BEGIN Data

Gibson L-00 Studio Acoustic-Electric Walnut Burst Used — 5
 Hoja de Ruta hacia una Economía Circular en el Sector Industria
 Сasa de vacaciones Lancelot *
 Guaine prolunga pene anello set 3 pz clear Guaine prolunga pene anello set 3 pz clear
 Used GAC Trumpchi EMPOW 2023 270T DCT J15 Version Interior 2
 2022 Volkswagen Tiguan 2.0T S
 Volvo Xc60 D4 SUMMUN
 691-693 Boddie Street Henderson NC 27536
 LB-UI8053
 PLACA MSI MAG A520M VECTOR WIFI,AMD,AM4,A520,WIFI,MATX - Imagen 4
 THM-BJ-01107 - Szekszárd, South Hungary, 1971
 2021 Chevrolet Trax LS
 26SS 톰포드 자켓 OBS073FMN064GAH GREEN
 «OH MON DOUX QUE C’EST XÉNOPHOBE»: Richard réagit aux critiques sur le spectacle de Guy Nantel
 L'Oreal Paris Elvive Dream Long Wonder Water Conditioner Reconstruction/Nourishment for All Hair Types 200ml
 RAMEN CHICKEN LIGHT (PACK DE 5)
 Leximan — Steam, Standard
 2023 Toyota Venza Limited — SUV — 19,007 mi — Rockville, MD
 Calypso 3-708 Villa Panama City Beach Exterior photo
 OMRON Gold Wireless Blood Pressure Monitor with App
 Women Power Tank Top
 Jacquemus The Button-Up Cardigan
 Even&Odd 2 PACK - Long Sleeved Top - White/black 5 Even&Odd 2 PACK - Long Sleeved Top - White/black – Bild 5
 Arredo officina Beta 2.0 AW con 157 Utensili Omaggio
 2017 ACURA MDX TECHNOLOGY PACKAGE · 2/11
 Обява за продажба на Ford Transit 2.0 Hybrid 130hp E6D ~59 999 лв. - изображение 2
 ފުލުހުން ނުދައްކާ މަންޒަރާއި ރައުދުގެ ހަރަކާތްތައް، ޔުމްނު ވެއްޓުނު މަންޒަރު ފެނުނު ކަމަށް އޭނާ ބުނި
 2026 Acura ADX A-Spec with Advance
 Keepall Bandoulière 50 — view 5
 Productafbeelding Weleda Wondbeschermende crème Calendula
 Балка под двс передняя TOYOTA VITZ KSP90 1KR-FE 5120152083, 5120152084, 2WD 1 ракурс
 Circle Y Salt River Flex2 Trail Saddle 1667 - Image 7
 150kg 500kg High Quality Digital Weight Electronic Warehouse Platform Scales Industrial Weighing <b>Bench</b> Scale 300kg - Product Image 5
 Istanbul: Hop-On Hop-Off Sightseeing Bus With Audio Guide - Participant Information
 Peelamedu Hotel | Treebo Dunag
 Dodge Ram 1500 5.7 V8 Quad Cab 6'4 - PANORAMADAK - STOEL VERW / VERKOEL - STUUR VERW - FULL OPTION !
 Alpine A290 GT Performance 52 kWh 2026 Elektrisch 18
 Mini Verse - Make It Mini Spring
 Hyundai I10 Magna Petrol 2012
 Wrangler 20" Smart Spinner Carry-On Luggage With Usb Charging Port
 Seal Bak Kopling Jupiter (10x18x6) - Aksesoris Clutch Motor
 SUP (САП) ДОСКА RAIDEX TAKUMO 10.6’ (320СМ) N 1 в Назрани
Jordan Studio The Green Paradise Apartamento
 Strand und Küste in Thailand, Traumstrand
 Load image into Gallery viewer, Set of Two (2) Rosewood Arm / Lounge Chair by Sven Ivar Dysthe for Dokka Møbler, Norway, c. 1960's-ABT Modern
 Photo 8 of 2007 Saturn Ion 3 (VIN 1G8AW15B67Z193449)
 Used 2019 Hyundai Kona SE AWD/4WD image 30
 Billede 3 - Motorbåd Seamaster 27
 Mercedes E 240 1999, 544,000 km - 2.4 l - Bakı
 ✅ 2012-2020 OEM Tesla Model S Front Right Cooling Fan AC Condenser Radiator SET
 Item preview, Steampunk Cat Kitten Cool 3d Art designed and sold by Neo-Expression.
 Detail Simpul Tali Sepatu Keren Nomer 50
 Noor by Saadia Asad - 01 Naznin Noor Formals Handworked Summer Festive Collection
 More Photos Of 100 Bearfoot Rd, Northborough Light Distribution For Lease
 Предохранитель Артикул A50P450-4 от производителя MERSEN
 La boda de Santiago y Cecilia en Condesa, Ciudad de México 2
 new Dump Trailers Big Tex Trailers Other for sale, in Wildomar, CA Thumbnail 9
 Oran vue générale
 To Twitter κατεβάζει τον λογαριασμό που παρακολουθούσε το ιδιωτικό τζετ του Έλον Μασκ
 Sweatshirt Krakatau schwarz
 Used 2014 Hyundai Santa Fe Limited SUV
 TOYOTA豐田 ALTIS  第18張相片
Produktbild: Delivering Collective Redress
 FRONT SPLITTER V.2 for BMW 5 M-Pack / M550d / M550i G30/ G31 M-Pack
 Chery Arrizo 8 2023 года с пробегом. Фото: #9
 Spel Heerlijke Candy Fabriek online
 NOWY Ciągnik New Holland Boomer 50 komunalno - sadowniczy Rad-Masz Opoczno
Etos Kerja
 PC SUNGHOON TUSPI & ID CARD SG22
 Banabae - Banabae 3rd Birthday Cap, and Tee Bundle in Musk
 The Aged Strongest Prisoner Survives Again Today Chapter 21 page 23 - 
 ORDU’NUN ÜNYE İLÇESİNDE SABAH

END Data

■ **Requirement**
Beginning with the line holding "Volvo Xc60 D4 SUMMUN" and ending with the line holding "L'Oreal Paris Elvive", write out the stretch of material above exactly; add no further lines.

■ **Output for this task**
 Volvo Xc60 D4 SUMMUN
 691-693 Boddie Street Henderson NC 27536
 LB-UI8053
 PLACA MSI MAG A520M VECTOR WIFI,AMD,AM4,A520,WIFI,MATX - Imagen 4
 THM-BJ-01107 - Szekszárd, South Hungary, 1971
 2021 Chevrolet Trax LS
 26SS 톰포드 자켓 OBS073FMN064GAH GREEN
 «OH MON DOUX QUE C’EST XÉNOPHOBE»: Richard réagit aux critiques sur le spectacle de Guy Nantel
 L'Oreal Paris Elvive Dream Long Wonder Water Conditioner Reconstruction/Nourishment for All Hair Types 200ml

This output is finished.